À l’issue de cette conférence, la ministre souhaite que soit engagée, en 2022, une “négociation” sur les rémunérations et les carrières. Et ce, a-t-elle expliqué, dans “l’objectif de donner à chacun des perspectives réelles d’augmentation salariale, quelle que soit sa position dans la grille, de préserver l’attractivité et de réduire les inégalités entre les métiers pour mieux reconnaître les niveaux de qualification, et enfin d’assurer une situation équitable pour le calcul de la retraite”. 

Mais encore faut-il, d’une part, que cette négociation soit réellement engagée – la ministre renvoyant ce chantier à la prochaine majorité, issue des élections du printemps 2022 – et d’autre part, que les syndicats s’y engagent. Rien de simple, même si tous les représentants du personnel souhaitent une telle négociation, sachant qu’après Force Ouvrière, la CGT, FSU et Solidaires ont décidé de quitter la Conférence sur les perspectives salariales. “Cette conférence est indispensable et en rien caduque, des volontaires souhaitent faire des propositions, a répondu Amélie de Montchalin. Je prends acte du départ de certaines organisations syndicales mais je regrette profondément que certains choisissent de ne pas participer à des débats sur le futur de notre fonction publique, sur son attractivité et sur la valorisation des différents métiers.”

“Rendez-vous raté”

Le bras de fer est donc amené à se poursuivre, comme le laissent présager les réactions des syndicats ce jeudi. “Quel mépris envers les 5 millions d’agents publics, pour lesquels aucune reconnaissance globale n’aura lieu pendant ces 5 longues années marquées pourtant par leur engagement sans faille dans des conditions particulièrement difficiles qui perdurent encore”, ont dénoncé la CGT, FSU et Solidaires après avoir quitté la réunion de ce 9 décembre et annoncé donc leur départ de la Conférence sur les perspectives salariales. Ce cycle “n’a de salarial que son titre et sa légitimité se trouve bien compromise par l’absence de participation d’organisations représentant une majorité des personnes”, ont ajouté ces 3 syndicats.

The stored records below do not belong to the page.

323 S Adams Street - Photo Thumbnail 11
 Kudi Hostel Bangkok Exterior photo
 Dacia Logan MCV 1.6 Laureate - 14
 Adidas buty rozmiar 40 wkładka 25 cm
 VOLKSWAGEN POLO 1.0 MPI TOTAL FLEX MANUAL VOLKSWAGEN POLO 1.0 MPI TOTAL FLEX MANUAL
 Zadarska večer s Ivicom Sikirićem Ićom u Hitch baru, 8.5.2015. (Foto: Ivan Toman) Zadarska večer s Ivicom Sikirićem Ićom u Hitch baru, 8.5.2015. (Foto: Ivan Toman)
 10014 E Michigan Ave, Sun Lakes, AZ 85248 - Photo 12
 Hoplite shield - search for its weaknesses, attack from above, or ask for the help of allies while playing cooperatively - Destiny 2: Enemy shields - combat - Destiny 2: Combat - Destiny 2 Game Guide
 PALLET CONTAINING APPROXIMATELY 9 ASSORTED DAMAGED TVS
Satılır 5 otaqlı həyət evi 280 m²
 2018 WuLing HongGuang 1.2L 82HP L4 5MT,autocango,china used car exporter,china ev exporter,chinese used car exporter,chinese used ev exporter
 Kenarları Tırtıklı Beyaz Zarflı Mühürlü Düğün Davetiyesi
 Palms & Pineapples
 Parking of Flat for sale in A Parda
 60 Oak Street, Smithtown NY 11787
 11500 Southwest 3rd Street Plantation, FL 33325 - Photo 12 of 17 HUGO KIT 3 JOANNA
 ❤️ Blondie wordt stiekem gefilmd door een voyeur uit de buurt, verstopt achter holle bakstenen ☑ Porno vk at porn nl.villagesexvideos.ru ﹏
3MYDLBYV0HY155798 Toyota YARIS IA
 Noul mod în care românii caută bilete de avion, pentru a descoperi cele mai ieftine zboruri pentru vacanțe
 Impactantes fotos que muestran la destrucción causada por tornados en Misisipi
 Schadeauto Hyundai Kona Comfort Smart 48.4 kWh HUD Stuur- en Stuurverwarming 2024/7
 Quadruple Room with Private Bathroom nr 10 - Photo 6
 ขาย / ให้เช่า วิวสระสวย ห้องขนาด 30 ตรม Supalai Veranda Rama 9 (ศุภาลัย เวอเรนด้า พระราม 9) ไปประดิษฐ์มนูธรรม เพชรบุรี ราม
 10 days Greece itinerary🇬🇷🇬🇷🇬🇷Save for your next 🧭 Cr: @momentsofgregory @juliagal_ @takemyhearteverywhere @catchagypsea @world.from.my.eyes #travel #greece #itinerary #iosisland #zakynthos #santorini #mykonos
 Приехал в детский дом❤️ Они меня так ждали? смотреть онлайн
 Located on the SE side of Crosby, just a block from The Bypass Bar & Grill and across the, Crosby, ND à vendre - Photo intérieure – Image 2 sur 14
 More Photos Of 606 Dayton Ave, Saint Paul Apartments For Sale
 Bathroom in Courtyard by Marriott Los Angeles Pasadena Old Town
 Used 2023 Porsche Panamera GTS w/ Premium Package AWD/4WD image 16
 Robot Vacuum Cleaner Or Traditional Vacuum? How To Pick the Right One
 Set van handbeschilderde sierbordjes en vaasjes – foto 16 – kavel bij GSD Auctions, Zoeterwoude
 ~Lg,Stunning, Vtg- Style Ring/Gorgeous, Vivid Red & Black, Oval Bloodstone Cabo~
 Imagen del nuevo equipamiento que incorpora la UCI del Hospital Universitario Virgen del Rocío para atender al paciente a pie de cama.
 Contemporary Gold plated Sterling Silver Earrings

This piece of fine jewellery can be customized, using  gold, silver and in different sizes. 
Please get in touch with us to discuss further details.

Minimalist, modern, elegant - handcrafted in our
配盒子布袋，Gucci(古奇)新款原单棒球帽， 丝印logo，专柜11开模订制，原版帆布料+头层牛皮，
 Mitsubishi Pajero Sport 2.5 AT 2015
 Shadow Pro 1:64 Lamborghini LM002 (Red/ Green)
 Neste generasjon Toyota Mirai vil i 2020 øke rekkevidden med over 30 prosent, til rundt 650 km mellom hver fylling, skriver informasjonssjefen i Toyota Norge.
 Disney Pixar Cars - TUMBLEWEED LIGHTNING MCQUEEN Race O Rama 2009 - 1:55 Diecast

C’est un “rendez-vous salarial raté”, a ajouté Nathalie Makarski, de la CFE-CGC en regrettant la poursuite du gel du point d’indice qui, selon elle, “conduit à une perte conséquente du pouvoir d’achat de tous les agents publics”. “Cela n’a pas de sens de parler de carrière alors que l’on n’arrête pas de compresser les grilles indiciaires et d’annoncer des mesures qui ne concernent que certains”, ajoute Pascal Kessler, de la FA-FP.

L’Unsa s’est elle aussi dite déçue de la réunion. La non-revalorisation du point d’indice est “une faute politique”, selon son secrétaire général, Luc Farré. “Les ministres auront beau jeu de demander au patronat des efforts salariaux”, ajoute-t-il. L’Unsa constate ainsi que “les employeurs publics et le gouvernement en tête sont loin d’être des employeurs exemplaires”. “Ni les niveaux de qualification, ni les amplitudes de carrière ne sont préservés en raison de l’absence de mesures de revalorisation du point d’indice, abonde Mylène Jacquot, de la CFDT. Cela confirme que l’état de dégradation de la grille de rémunération est arrivé à un niveau qui appelle effectivement des travaux d’ampleur.”